##### Source material #####

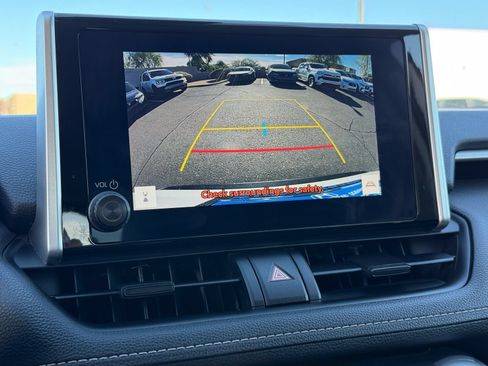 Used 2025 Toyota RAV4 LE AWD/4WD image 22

#####
##### Source material #####

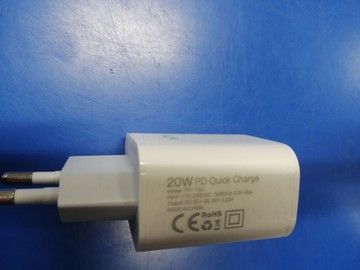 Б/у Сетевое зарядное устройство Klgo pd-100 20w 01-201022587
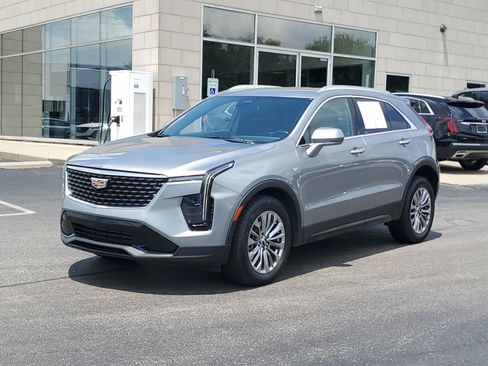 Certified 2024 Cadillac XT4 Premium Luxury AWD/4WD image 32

#####
##### Source material #####

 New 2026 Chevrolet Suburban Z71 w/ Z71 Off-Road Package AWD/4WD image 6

#####

• What to work on: Pictures do not belong in the answer. Return the lines above starting at the one with "Б/у Сетевое зарядное" and ending at the one with "Certified 2024 Cadillac", both kept, exactly.

• Exercise output:
 Б/у Сетевое зарядное устройство Klgo pd-100 20w 01-201022587
 Certified 2024 Cadillac XT4 Premium Luxury AWD/4WD image 32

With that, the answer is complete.